# rare bird (weird person)



## amikama

Hi, what is the equivalent expression in your language for "rare bird", i.e. a strange person that has some peculiarity or unusual behavior?


----------



## amikama

Hebrew:

*עוף מוזר* - lit. "strange bird"


----------



## pimlicodude

In Russian: белая ворона, byElaya vorOna (a white crow).


----------



## Abaye

Latin: rara avis.


----------



## Ghabi

Abaye said:


> Latin: rara avis.


It means "a strange person" in Latin?


----------



## Ghabi

Roxxxannne said:


> rara avis = 'rare bird


Is it used in Latin to mean a strange person or a rare thing or both?


----------



## סייבר־שד

In Mexican Spanish, at least, I don't think there's any avian-related label for such individuals, we prefer bugs, rather. 

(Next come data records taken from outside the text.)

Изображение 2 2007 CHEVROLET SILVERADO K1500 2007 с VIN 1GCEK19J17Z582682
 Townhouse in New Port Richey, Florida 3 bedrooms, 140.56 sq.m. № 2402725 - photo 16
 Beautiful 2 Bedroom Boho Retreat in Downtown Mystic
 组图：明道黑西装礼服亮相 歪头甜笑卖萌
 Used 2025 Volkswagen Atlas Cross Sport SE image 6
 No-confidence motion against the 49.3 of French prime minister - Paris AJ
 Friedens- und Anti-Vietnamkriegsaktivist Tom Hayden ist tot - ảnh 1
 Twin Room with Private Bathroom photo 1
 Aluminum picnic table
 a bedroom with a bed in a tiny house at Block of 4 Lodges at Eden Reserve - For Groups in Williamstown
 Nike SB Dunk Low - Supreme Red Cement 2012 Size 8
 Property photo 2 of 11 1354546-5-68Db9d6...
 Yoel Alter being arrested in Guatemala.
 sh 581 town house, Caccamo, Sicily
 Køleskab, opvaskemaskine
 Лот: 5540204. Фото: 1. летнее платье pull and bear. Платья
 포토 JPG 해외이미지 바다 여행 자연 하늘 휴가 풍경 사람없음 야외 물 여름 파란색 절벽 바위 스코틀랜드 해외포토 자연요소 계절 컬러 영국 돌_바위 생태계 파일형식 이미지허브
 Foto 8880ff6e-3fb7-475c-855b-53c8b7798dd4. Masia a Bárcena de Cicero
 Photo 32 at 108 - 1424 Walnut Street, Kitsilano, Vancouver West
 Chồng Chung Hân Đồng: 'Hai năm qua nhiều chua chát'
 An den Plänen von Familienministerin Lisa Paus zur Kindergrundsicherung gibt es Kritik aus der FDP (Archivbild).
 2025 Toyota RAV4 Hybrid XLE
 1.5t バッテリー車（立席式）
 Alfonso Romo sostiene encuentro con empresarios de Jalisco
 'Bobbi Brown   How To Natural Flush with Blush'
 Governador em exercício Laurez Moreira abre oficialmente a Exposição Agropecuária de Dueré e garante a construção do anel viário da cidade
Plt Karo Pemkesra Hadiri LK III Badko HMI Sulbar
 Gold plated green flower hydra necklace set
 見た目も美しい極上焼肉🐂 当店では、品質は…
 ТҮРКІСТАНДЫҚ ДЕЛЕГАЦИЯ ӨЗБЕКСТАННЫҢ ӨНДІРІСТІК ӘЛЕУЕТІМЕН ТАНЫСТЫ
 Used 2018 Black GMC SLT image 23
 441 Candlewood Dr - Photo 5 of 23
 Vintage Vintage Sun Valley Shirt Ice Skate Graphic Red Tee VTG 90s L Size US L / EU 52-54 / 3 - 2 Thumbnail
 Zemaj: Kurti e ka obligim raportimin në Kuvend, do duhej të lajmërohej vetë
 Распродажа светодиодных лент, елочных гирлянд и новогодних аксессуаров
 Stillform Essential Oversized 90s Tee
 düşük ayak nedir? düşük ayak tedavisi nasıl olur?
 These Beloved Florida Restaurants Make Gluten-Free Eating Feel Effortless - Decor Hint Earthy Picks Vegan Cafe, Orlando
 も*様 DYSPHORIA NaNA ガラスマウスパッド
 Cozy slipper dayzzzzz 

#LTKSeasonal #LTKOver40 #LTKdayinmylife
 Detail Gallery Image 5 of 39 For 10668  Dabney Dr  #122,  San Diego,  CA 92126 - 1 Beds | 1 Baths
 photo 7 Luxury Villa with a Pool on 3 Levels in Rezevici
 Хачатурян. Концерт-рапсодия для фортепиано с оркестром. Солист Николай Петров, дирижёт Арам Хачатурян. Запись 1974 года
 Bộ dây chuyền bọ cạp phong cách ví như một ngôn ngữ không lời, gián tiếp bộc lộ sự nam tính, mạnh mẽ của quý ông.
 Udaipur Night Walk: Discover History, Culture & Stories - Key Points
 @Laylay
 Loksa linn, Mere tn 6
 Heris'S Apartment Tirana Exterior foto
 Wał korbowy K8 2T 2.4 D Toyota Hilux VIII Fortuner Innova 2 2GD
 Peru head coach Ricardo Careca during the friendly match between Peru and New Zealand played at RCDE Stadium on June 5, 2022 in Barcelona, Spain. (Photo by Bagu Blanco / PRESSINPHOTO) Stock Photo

*bicho raro *= "strange bug"


----------



## Roxxxannne

Ghabi said:


> Is it used in Latin to mean a strange person or a rare thing or both?


Sorry, I deleted my post between #5 and #6 as soon as I wrote because I thought I had misunderstood your question.  Now I understand it.
Literally, rara avis = rare bird.
Juvenal (Satire 6, line 165) uses it to mean a rare kind of person: an ideal person and therefore a rare thing.  
I don't know whether it was ever used in Latin to mean a strange (in the sense of odd) person.


----------



## Penyafort

Ghabi said:


> Is it used in Latin to mean a strange person or a rare thing or both?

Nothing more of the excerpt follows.